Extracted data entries
------------------------------

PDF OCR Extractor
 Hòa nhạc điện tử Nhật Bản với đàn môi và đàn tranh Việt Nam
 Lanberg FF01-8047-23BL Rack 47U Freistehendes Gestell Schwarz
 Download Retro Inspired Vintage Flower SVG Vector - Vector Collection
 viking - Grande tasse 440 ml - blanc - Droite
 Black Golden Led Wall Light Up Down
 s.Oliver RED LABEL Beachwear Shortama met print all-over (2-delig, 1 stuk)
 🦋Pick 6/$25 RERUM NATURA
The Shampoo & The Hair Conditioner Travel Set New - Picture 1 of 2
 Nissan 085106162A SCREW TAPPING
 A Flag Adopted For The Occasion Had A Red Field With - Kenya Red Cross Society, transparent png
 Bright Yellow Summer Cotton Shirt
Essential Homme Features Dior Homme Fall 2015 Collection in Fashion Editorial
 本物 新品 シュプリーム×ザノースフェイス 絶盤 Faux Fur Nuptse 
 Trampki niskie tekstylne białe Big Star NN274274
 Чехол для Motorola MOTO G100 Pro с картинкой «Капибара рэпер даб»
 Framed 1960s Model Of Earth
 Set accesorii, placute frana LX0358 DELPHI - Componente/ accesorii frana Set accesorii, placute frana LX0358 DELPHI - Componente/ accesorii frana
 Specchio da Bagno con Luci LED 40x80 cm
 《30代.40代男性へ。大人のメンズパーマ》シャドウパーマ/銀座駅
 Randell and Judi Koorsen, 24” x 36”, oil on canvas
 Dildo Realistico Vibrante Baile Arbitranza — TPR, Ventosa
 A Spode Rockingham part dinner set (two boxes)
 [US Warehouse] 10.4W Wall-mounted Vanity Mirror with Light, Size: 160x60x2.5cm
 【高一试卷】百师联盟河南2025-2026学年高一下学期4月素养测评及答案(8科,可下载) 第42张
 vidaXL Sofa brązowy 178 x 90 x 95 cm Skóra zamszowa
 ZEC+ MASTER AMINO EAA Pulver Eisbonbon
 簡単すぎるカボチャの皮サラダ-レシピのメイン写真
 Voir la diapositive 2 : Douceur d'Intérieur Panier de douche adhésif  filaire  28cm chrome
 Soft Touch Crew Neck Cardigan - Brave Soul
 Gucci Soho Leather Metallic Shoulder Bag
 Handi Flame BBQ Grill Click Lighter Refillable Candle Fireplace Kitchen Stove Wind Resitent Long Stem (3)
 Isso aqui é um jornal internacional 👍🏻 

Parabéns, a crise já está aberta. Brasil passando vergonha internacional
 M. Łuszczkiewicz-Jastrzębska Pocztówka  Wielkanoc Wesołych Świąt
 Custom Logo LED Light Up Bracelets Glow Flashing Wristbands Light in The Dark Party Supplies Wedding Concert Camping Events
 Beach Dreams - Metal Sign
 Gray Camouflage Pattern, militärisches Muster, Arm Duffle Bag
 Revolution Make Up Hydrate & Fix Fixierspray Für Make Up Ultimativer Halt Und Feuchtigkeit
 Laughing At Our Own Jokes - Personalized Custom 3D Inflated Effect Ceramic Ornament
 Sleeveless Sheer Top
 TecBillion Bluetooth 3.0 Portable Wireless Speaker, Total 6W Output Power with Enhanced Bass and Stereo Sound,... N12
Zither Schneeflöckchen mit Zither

------------------------------

→ **WHAT NEEDS TO BE DONE**
Could you transcribe the entries above word for word, from the line with "A Flag Adopted" down to the line with "Dildo Realistico Vibrante", keeping both?

→ **SOLUTION FOR THIS TASK**
 A Flag Adopted For The Occasion Had A Red Field With - Kenya Red Cross Society, transparent png
 Bright Yellow Summer Cotton Shirt
Essential Homme Features Dior Homme Fall 2015 Collection in Fashion Editorial
 本物 新品 シュプリーム×ザノースフェイス 絶盤 Faux Fur Nuptse 
 Trampki niskie tekstylne białe Big Star NN274274
 Чехол для Motorola MOTO G100 Pro с картинкой «Капибара рэпер даб»
 Framed 1960s Model Of Earth
 Set accesorii, placute frana LX0358 DELPHI - Componente/ accesorii frana Set accesorii, placute frana LX0358 DELPHI - Componente/ accesorii frana
 Specchio da Bagno con Luci LED 40x80 cm
 《30代.40代男性へ。大人のメンズパーマ》シャドウパーマ/銀座駅
 Randell and Judi Koorsen, 24” x 36”, oil on canvas
 Dildo Realistico Vibrante Baile Arbitranza — TPR, Ventosa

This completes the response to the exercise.